What this task involves: Leave the pictures out and restate every line below exactly.

Given data:
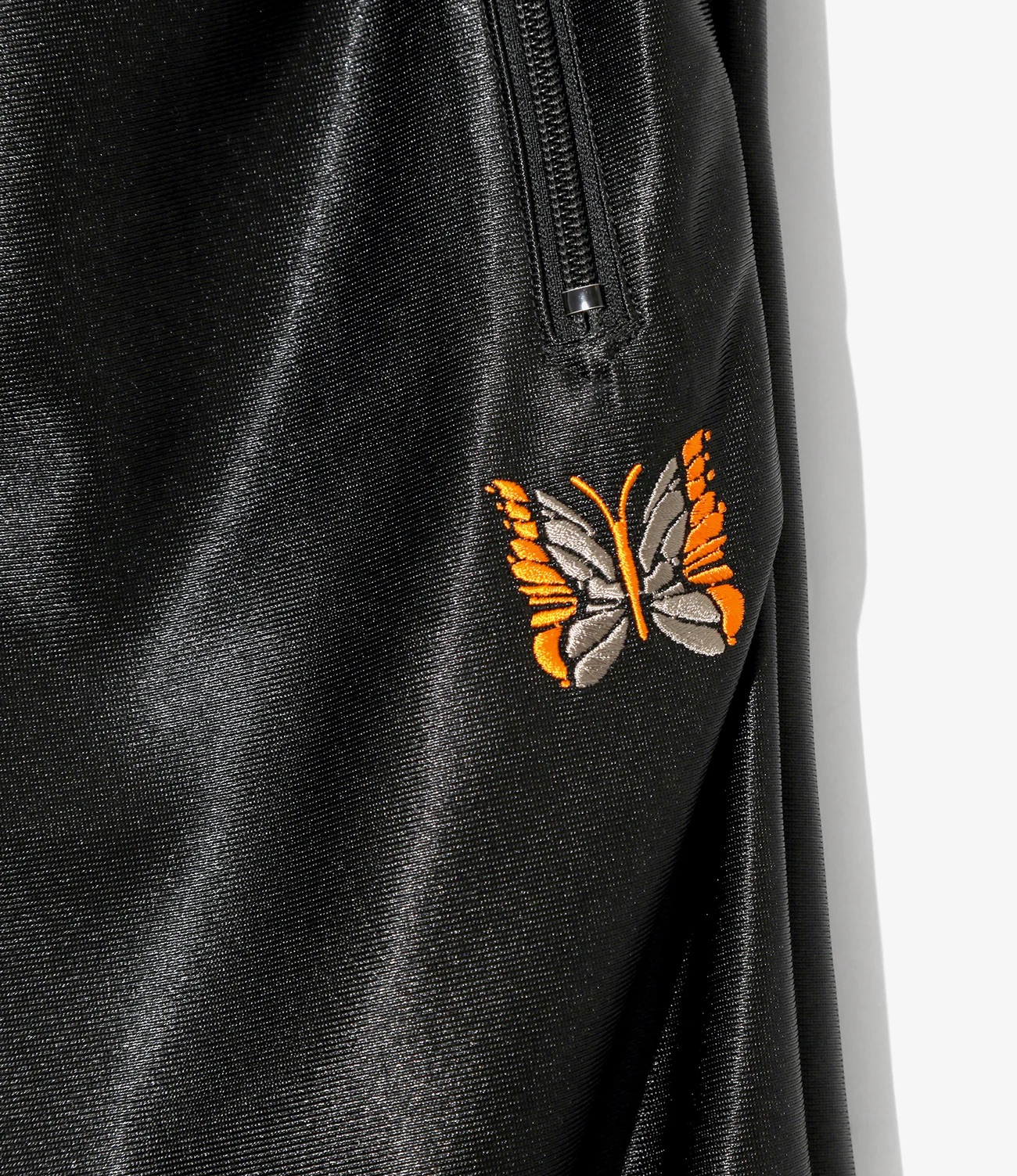NEEDLES(ニードルズ)/Track Pant - Tricot Sateen/BLACK BLACK S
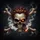 Menacing Grinning Cracked Skull with Glowing Cigar Crossed Bones - Rebel Lifestyle Spare Tire Cover - 6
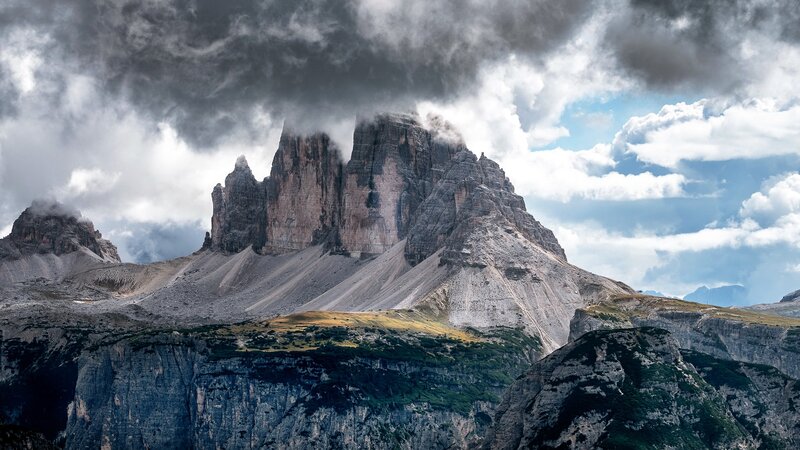 Three Peaks Mountain — Gray, Dramatic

Task solution:
NEEDLES(ニードルズ)/Track Pant - Tricot Sateen/BLACK BLACK S
 Menacing Grinning Cracked Skull with Glowing Cigar Crossed Bones - Rebel Lifestyle Spare Tire Cover - 6
 Three Peaks Mountain — Gray, Dramatic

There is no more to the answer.